BEER Group Read. spring and a burning bush
Fiona Shnapple
fionashnapple at gmail.com
Sun Oct 13 05:39:52 CDT 2013
3. the vision, is the blessing of the sun, of the creation, of life,
the cosmic organism.
On Sun, Oct 13, 2013 at 6:32 AM, Fiona Shnapple <fionashnapple at gmail.com> wrote:
> It's not easy to say much without digging deeper into the book,
> but...a book about death is also a book about survival and life and
> remembrance.
>
> 1. these trees are common in NYC and on the UWS.
> 2. they are known for their great strength, their resiliency, the
> ability to survive pollution and salting and sloshing of waste waters,
> in fact, they are said to thrive under these conditions
> 4. in a uws meeting people talk about them, planting them, saving
> them, not planting so many on the same street..etc.
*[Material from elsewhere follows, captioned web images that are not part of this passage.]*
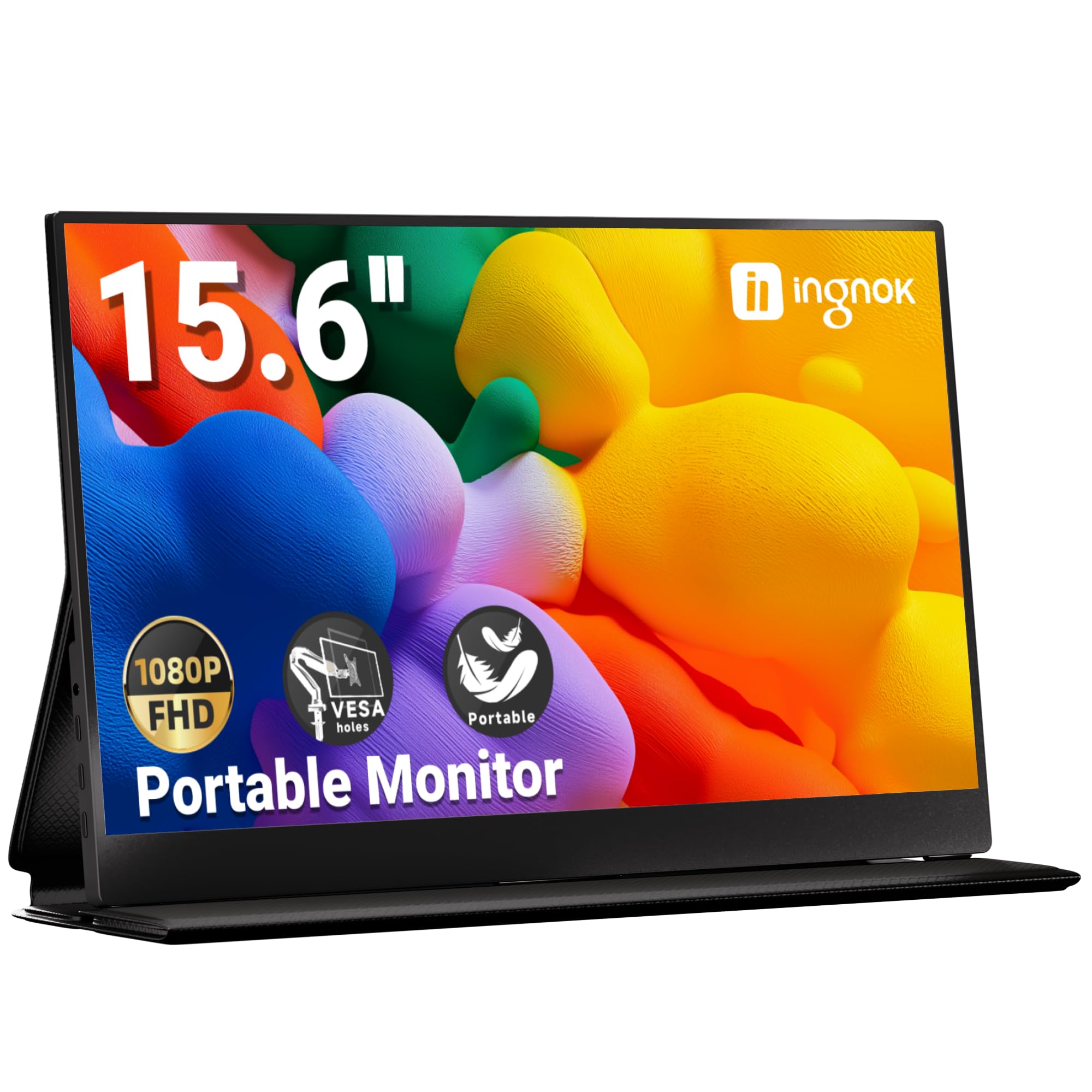Ingnok Portable Monitor, 15.6" FHD 1080P IPS External Laptop Monitor with USB-C HDMI, Portable Screen for Laptop Mac PC Phone Gaming,Built-in Speakers & Smart Cover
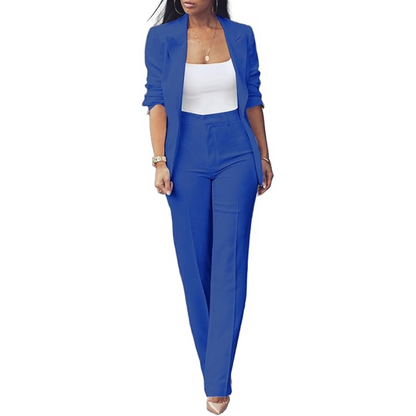 Conjunto De Chaqueta Abierta Ajustada Y Pantalón Slim Para Mujer | Ideal Para Oficina Y Uso Diario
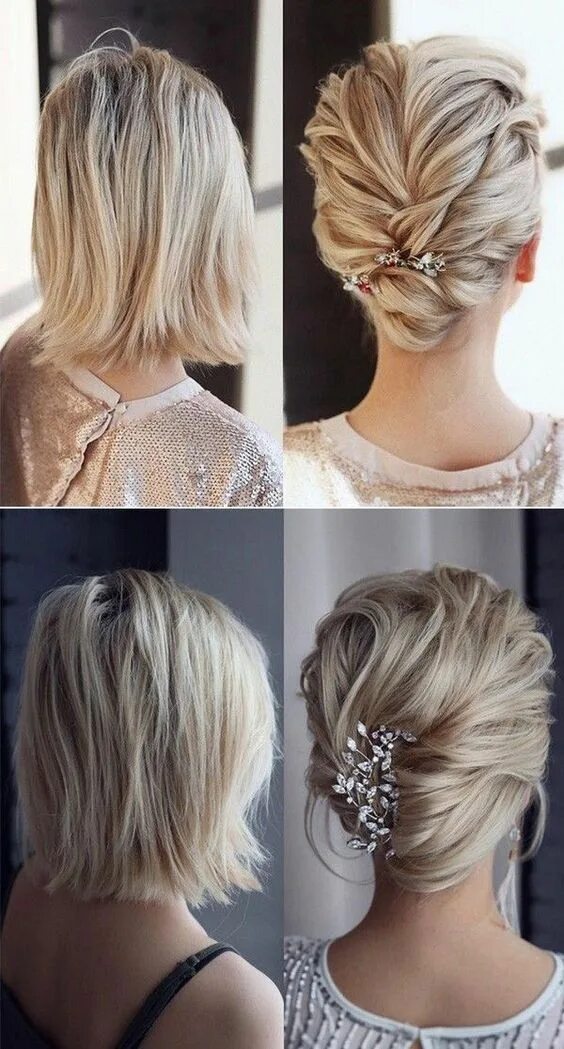 Прическа на каре на свадьбу гостье wedding ceremony coiffure updo with medium size coiffure #coiffe #hairstyle #lon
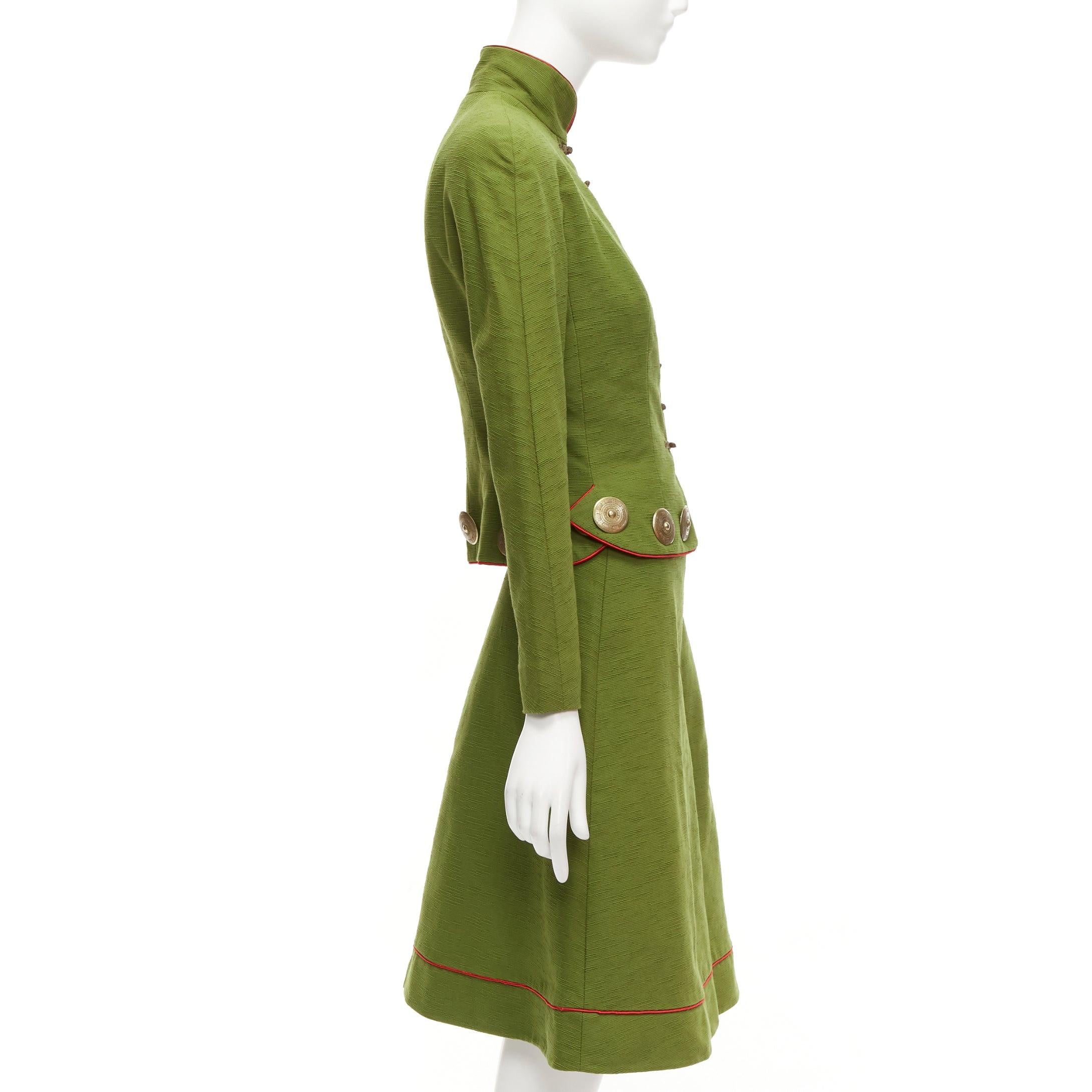 Women's rare CHRISTIAN DIOR John Galliano 1999 Mao Communist green skirt suit FR36/38 For Sale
> 5. the debates can get testy but are nothing when compared with the
> debate, a furious debate about the wtc, its museum and memorials,etc.,
> this continues, though the worst seems to have ended, their is general
> agreement that the pear tree, the survivor tree, is an appropriate
> symbol, or...not symbol but, well, for many it is more than a symbol,
> so and here we can dig into Eliade and Widengrean, and believe me,
> people did, and do.
> 6. Maxine, taking time for her children, to care for the children of
> her neighbors, to live deliberately, takes communion with the visible
> form of Nature.
>
> http://www.vcu.edu/engweb/webtexts/Bryant/thanatopsis.html
>
> http://en.wikipedia.org/wiki/File:The_Survivor_Tree_at_the_National_September_11_Memorial.jpg
>
> On Sun, Oct 13, 2013 at 12:24 AM, John Bailey <sundayjb at gmail.com> wrote:
>> Anyone here have a strong knowledge of the significance of the burning
>> bush in strands of Jewish mysticism? I only know it through a
>> half-remembered Catholic childhood, in which the bush was basically an
>> avatar of God, or maybe just a speakerphone.
>>
>> The otherworldly light recurs in the novel and Maxine's response to it
>> changes. What's the 'God' here? I reckon there'll be a few theses
>> written on it.
>>
>> Also on certain acts of refusal or turning away. No posting spoilers,
>> to be polite.
>>
>> On Sun, Oct 13, 2013 at 12:49 PM, Mark Kohut <markekohut at yahoo.com> wrote:
>>> First day of spring. Equinox. A pagan celebration co-opted by The Church. Someone, Laura, wanted
>>> an example of simple fine writing: how about here, first page, about the Callery Pears on the Upper West Side
>>> and "sunlight finding its way past rooflines and water tanks to the end of the block and into one particular tree,
>>> which all at once is filled with light." Such an image, why?
>>>
>>> I suggest we get the author's almost-religious love of nature and light, the pantheistic or panentheistic vision, as we wrote
>>> about it in that Book of Light, Against the Day embodied in that illuminated Callery Pear tree that catches
>>> secular Maxine like that Biblical bush caught Moses.
>>> "As a powerful religious symbol, the burning bush represents many things to Jews and Christians such as God's miraculous energy, sacred light, illumination, and the burning heart of purity, love and clarity."--wikipedia
>>>
>>> If Oedipa wanted, tried, to hear the Word, but couldn;t Maxine sees god in a Callery Pear tree fifty years later.